Overview
BrandZ is a framework that extends the Solaris Zones infrastructure to create Branded Zones, which are zones that contain non-native operating environments. The term "non-native" is intentionally vague, as the infrastructure allows for the creation of a wide range of operating environments.
Each operating environment is provided by a brand that plugs into the BrandZ framework. A brand may be as simple as an environment with the standard Solaris utilities replaced by their GNU equivalents, or as complex as a complete Linux userspace.
BrandZ extends the Zones infrastructure in user space:
- A brand is an attribute of a zone, set at zone create time
- Each brand provides its own installation routine, which allows us to install an arbitrary collection of software in the branded zone.
- Each brand may provide pre/post-boot scripts that allows us to do any final boot-time setup or configuration.
- The zoneadm and zonecfg tools can set and report a zone's brand type.
BrandZ provides a set of interposition points in the kernel:
- These points are found in the syscall path, process loading path, thread creation path, etc.

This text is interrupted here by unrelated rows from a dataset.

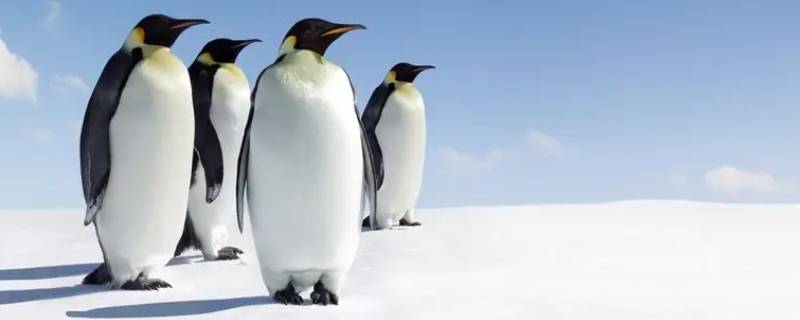 企鹅的种类 企鹅的种类有哪些介绍简单
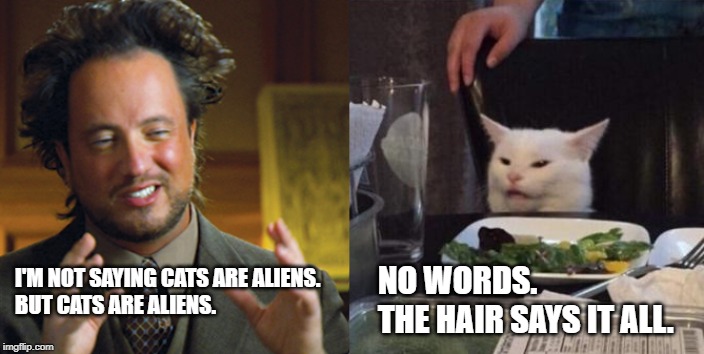 Giorgio and Smudge | NO WORDS.
THE HAIR SAYS IT ALL. I'M NOT SAYING CATS ARE ALIENS.
BUT CATS ARE ALIENS. | image tagged in giorgio and smudge | made w/ Imgflip meme maker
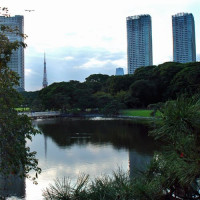 Vijver in de Hama Rikyu tuin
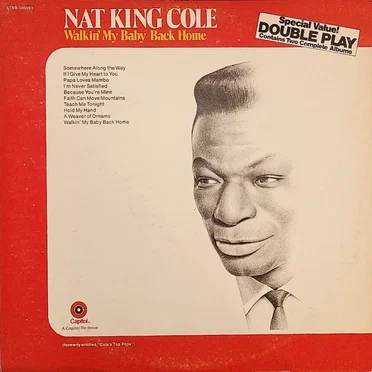 Walkin' My Baby Back Home / A Blossom Fell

- At each of these points, a brand may choose to supplement or replace the standard Solaris behavior.
- These interposition points are only applied to processes in a branded zone
- Fundamentally different brands may require new interposition points
Linux Zones on Solaris
The lx brand enables Linux binary applications to run unmodified on Solaris, within zones running a complete Linux userspace. The combination of BrandZ and the lx brand will be productized as Solaris Containers for Linux Applications.

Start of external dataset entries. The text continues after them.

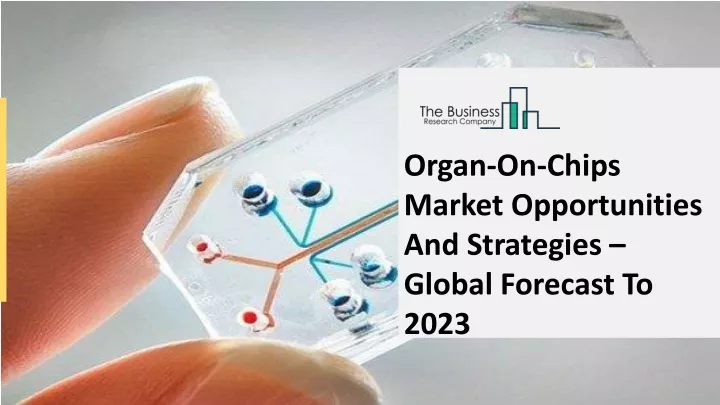 organ on chips market opportunities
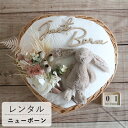 【レンタル ニューボーンフォト セット】Petit bouquet Heartbasket ピンクブーケ (2泊3日) 記念日 誕生日 ご出産・内祝い おめで...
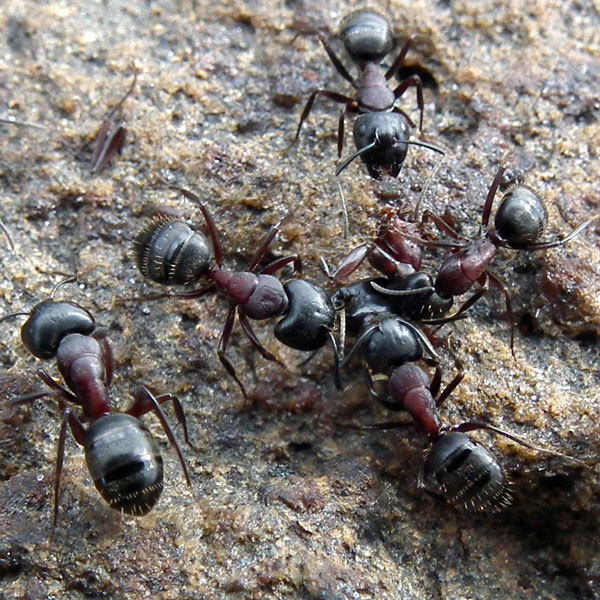Photo of Camponotus noveboracensis by <a href="http://www.flickr.com/photos/jlucier/ ">Jacy (JC) Lucier</a>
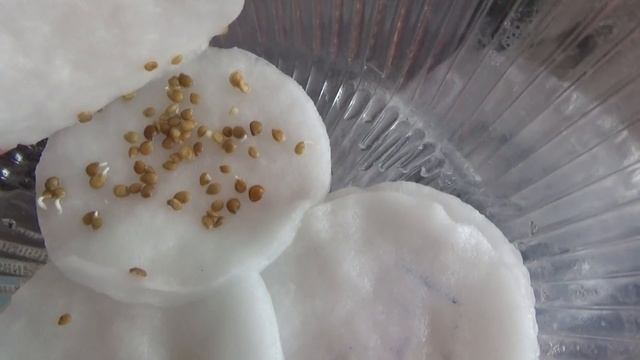 Как ведут себя наши семена после ПЕРЕКИСИ водорода смотреть онлайн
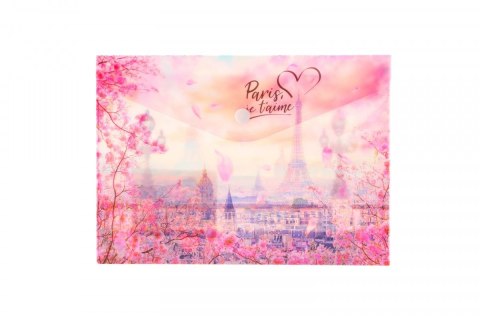 Teczka plastikowa na guzik FRIENDSHIP A5 mix Panta Plast (0410-0069-56) Panta Plast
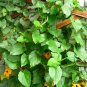 Thunbergia Alata, Black-Eyed Susan Vine Seed 1000 PCS, Hei Yan Su Shan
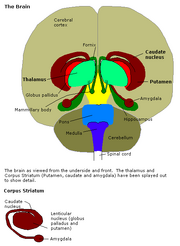 Constudoverbrain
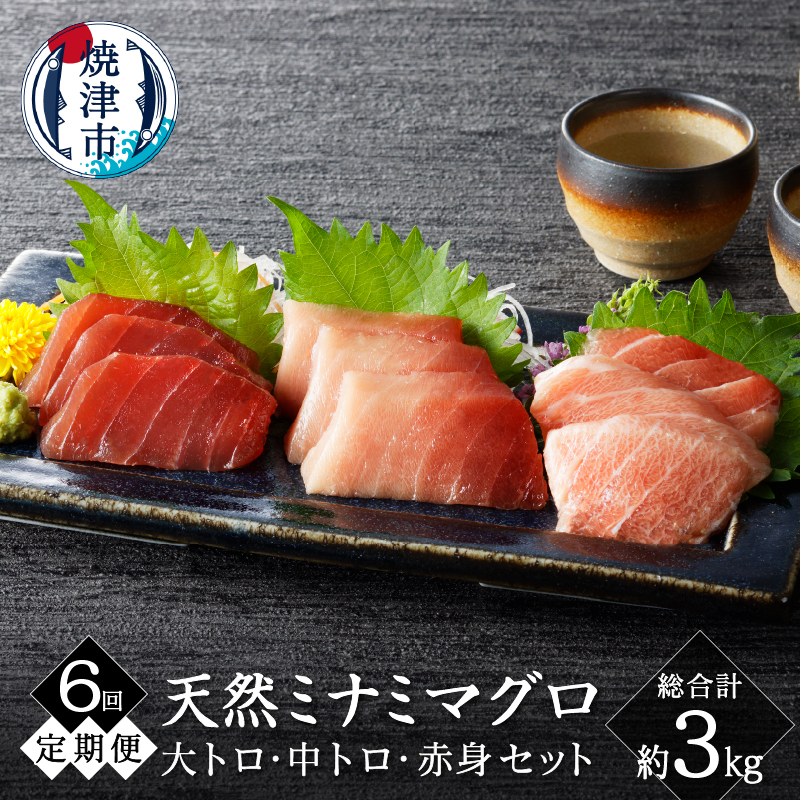 b100-065 【定期便6回】キボシ水産 天然 南鮪 大トロ 中トロ 赤身食べ比べ 約500g×6回静岡県焼津市100000魚介・海産物その他 魚介・海産物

The lx brand is not a Linux distribution and does not contain any Linux software at all. The lx brand enables user-level Linux software to run on a machine with a Solaris kernel, and includes the tools necessary to install a CentOS or Red Hat Enterprise Linux distribution inside a zone on a Solaris system.
The lx brand will run on x86/x64 systems booted with either a 32-bit or 64-bit kernel. Regardless of the underlying kernel, only 32-bit Linux applications are able to run.
We do not support SPARC linux. This might be an interesting community project, but it's not on our roadmap.